To handle the linkage errors, the authors have modified the protocol by Bruno et al. (2018) under the assumption that $E [l_{ii}^{(1)} | X, y] = π^{(1)}$ , $E [l_{ij}^{(1)} | X, y] = q^{(1)}$ , and $E [l_{ij}^{(2)} | X, y] = q^{(2)}$ , for distinct i and j. While the modified protocol does not include the variance estimation, this feature can be added without difficulty. In details, the modified protocol incorporates the following changes.

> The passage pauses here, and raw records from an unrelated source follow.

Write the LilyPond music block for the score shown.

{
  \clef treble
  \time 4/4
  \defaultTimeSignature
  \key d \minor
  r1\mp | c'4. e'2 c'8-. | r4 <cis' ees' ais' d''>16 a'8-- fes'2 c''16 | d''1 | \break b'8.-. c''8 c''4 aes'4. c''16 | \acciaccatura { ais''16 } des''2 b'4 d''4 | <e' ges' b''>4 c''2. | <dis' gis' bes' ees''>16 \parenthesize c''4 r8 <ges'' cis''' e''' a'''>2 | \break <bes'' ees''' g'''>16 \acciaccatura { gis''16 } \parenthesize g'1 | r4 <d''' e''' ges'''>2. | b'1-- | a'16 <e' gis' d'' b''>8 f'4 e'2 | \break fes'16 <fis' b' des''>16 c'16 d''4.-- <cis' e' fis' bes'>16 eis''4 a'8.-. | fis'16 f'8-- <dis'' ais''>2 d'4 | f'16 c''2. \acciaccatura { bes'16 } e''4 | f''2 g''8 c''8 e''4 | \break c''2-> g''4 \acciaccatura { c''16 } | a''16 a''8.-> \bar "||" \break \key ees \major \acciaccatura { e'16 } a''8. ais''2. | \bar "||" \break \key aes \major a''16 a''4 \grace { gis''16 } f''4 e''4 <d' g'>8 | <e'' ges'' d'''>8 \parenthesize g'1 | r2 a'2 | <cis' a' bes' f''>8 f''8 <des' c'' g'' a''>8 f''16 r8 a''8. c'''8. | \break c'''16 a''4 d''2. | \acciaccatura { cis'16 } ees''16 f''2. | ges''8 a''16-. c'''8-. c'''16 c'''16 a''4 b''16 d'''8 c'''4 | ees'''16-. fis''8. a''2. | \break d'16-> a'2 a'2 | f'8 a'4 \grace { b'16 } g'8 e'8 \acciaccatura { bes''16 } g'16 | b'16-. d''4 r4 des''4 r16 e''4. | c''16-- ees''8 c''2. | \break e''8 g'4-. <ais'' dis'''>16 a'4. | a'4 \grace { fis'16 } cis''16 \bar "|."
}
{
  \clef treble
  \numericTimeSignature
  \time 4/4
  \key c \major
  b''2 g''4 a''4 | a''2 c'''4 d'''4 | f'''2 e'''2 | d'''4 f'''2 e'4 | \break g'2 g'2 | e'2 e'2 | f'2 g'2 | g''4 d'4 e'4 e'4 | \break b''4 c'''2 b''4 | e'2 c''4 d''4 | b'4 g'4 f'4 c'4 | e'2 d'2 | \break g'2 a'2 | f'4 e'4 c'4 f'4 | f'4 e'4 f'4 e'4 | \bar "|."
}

Setup: In this step, there are three changes. First, the setup now comprises four rounds for two distinct linkage keys (including two rounds per key), instead of two rounds for a single key previously. Second, each round incorporates the computation of the n_i’s and the subsequent estimation of the linkage accuracy. For a given client record (i.e., a record from the data-holding party that is the client in the round), n_i is set to the number of server records (i.e., records from the data-holding party that is the server in the round) with the same value of the encoded linkage key. Then, this information is used to estimate the linkage accuracy according to Equations (1) and (2). Third, the intersection of the two data sets is based on the two linkage keys instead of a single key previously. To be specific a client record i is placed in the intersection if n_i is positive for at least one linkage key. When the second linkage key is laxer than the first one (i.e., perfect agreement on the first key implies perfect agreement on the second key), this means that the record is placed in the intersection if n_i is positive for the second linkage key. Figure A2 shows the modified setup phase in Appendix A.

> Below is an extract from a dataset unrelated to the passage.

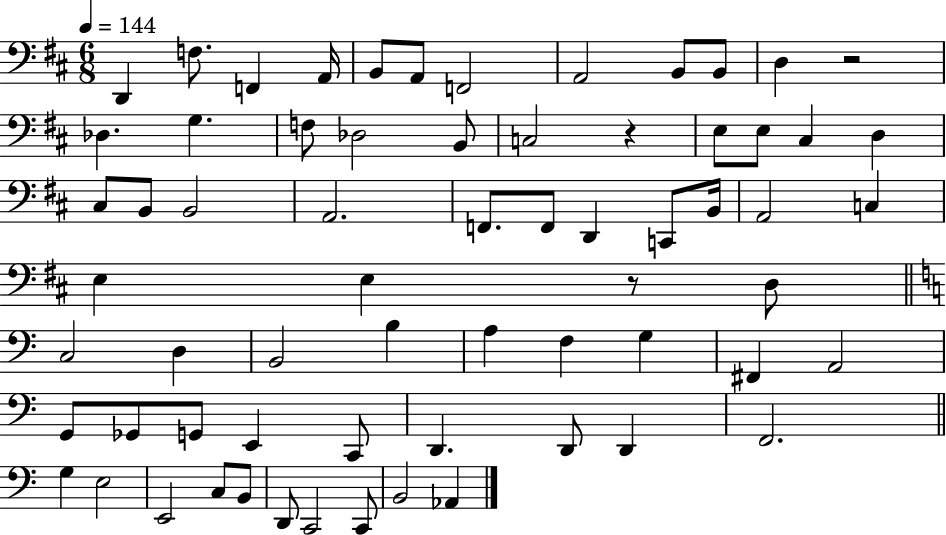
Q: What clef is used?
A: bass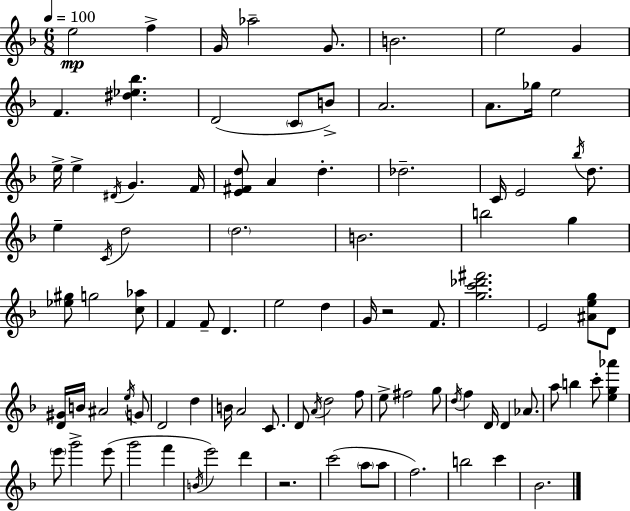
E5/h F5/q G4/s Ab5/h G4/e. B4/h. E5/h G4/q F4/q. [D#5,Eb5,Bb5]/q. D4/h C4/e B4/e A4/h. A4/e. Gb5/s E5/h E5/s E5/q D#4/s G4/q. F4/s [E4,F#4,D5]/e A4/q D5/q. Db5/h. C4/s E4/h Bb5/s D5/e. E5/q C4/s D5/h D5/h. B4/h. B5/h G5/q [Eb5,G#5]/e G5/h [C5,Ab5]/e F4/q F4/e D4/q. E5/h D5/q G4/s R/h F4/e. [G5,C6,Db6,F#6]/h. E4/h [A#4,E5,G5]/e D4/e [D4,G#4]/s B4/s A#4/h E5/s G4/e D4/h D5/q B4/s A4/h C4/e. D4/e A4/s D5/h F5/e E5/e F#5/h G5/e D5/s F5/q D4/s D4/q Ab4/e. A5/e B5/q C6/e [E5,G5,Ab6]/q E6/e G6/h E6/e G6/h F6/q B4/s E6/h D6/q R/h. C6/h A5/e A5/e F5/h. B5/h C6/q Bb4/h.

Loading phase: In this step, the change is that the two encoded linkage keys are included in the intersection data set, instead of a single encoded key based previously. The remaining details are as before, that is, the intersection data set also includes the target variables, it is encrypted with a symmetric key, and it is sent to the linker by each data-holding party.

Query phase: In this step there are two changes. The first change is implemented at the linker, who responds to a count request (e.g., the number of transactions for a given exporter type and tariff type) from a data-holding party, by computing two totals, including one total for each linkage key. These totals are $\sum_{i} \sum_{j} l_{ij}^{(1)} t (x_{i}, y_{j})$ and $\sum_{i} \sum_{j} l_{ij}^{(2)} t (x_{i}, y_{j})$ , which appear on the right-hand side of Equation (9). The second change is implemented by the receiving data-holding party, who estimates the requested count based on Equation (9), the received totals, as well as the estimated recall and false positive rate from the setup phase.

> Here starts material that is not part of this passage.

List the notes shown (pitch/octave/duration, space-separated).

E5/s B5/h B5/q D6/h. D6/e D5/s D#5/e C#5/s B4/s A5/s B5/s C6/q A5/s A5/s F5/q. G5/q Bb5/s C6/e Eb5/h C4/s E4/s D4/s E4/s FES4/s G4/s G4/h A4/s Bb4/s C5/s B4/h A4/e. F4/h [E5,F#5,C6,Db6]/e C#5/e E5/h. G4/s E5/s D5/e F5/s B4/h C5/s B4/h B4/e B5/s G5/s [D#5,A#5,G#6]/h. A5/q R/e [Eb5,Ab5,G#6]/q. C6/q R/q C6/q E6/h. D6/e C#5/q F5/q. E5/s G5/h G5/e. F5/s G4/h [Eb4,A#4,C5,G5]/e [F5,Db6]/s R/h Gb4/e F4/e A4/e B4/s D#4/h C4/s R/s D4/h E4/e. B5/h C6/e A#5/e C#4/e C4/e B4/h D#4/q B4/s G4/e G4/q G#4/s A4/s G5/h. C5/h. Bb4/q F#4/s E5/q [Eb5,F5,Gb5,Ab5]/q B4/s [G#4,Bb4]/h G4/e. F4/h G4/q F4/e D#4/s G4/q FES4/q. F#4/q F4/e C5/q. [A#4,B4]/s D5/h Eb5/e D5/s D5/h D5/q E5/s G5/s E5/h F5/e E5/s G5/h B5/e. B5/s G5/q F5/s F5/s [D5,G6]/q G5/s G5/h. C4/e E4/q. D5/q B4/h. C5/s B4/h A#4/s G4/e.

The above protocol has been implemented in Python, in the special case where the second key is error-free (i.e., $E [l_{ii}^{(2)}] = 1$ ) and laxer than the first linkage key. This implementation is available on the GitHub repository of UNECE Input Privacy Preserving project (UNECE 2023b).

7. Simulations

Simulations are performed to evaluate the error estimation and error adjustment procedures, when the goal is to estimate the proportion of transactions with a preferential tariff, that is, the unweighted Preferential Utilization Rate, for small and large Dutch exporters. They are based on mock transactions and are implemented in R without running the implemented private set intersection protocol.

7.1. Simulation Setup

The simulations comprise the following two steps.

First step: A finite population of transactions is generated, including the product code, date, value, and tariff preference for each transaction. This population comprises two strata of equal sizes for small and large Dutch exporters. The product code is selected with replacement from a list of ten six-digit codes in keeping with the standard format of these codes (World Customs Organization 2022). The date is sampled with replacement from the days in the year 2021. The tariff preference follows a Bernoulli distribution with probability .25 or .40 according to whether the exporter is small or large, respectively. Finally, the value is selected by drawing a number uniformly between 0 and 1,000,000.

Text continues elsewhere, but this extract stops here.